Zaman kısıtlı, okumakla yazmak arasında gidip geliyorum. Kütüphanem tozlanmış, üstelik in on beş sayfasını okuduğum kitabım hafta başında bıraktığım gibi duruyor. Mart sonunda olmamıza rağmen kar yağıyor dışarıda, bir miktar kar karşı apartmanın balkonuna yapışıp kalmış rüzgarla. Kendimi tekrar hayatın içine çekmek istiyorum, bunun için cümleler kurmak istiyorum; belki okuduğum o yazarların hissettikleri şeyden bir parça hissetmek istiyorum ben de. Belki siz de bilirsiniz; hayatta Radiohead dinlenmesi gereken anlar vardır. Ve hayatta Richard Brautigan okunması gereken anlar vardır. Bu anların sonunda kendinizi the Mamas & the Papas'tan California Dreamin'i dinlerken bulursunuz. Yazım kuralları bu noktada beklenmedik bir hal alır. California çok uzaktadır. California güneşi çok uzaktadır. Kıştan kalma bir bahar günüdür bugün; çünkü her gün yazdan kalma ya da bahardan kalma olamaz. Bazı günler kıştan kalma olmalıdır. Doğanın korunum yasası gibi bir şey belki.

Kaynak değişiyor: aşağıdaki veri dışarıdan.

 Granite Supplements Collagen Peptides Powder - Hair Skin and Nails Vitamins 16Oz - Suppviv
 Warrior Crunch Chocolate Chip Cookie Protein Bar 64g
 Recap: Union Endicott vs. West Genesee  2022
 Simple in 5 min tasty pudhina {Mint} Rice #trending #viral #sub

Kitaplığımda üç tane Richard Brautigan kitabı var, üçünü de daha önce okudum. Aslında toplamda dört Richard Brautigan kitabı okudum, ama biri benim değildi, ödünç almıştım. Kitap artık sahibinde. Yenisini alıp kitaplığıma koymalıyım. Bütün bu kitaplarda etrafımda hiç görmediğim, ama bir zamanda bir yerlerde olduğunu bildiğim, bunu da mutlulukla karşıladığım bir şeyler var. Sanki evimin arka kapısı varmış ve her zaman açıkmış gibi, ya da karlara çıplak ayakla basıyormuşum gibi. Mars kadar uzakta olmayan, ama yine de önemli bir uzaklıkta olan şeyler. Kafamın içinde dönen, çoğu zaman da dönemeyen şeyler; çünkü çoğu zaman kafam olmuyor. Bazı taraflarımı hafta sonunda bırakıyorum, bazı taraflarımı da hafta içinde bırakıyorum. Bu ikisinin kesişim kümesi çok küçük. Soru sormanın yetip yetmediğini düşünüyorum. Bazı sorular o kadar güzel soruluyorlar ki, tek başlarına yetiyorlar. Ben o kadar güzel sorular soramıyorum.

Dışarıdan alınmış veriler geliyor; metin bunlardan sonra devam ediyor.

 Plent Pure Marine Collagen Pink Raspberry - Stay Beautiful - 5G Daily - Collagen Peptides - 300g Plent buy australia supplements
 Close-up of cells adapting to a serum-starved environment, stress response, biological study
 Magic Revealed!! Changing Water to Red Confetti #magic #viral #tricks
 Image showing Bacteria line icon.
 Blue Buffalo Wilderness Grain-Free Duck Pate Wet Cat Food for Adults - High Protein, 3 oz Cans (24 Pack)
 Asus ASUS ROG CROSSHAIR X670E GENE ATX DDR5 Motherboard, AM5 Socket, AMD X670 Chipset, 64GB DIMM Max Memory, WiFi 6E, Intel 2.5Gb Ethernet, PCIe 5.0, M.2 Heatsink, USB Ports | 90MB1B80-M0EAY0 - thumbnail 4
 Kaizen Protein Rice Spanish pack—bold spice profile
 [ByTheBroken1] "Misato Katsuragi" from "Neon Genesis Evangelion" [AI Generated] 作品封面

Sadece güneşe dokunmak ve toprağın üzerinde yürümek istiyorum. Çim değil. biçimsiz, üzerinde kuru otların bittiği, basıldığında ufak ufak olan topraktan bahsediyorum. Saatlerce yürümek istiyorum. Hapishanemden çıkmak istiyorum; bunu yaparken başka bir hapishaneye girmeden.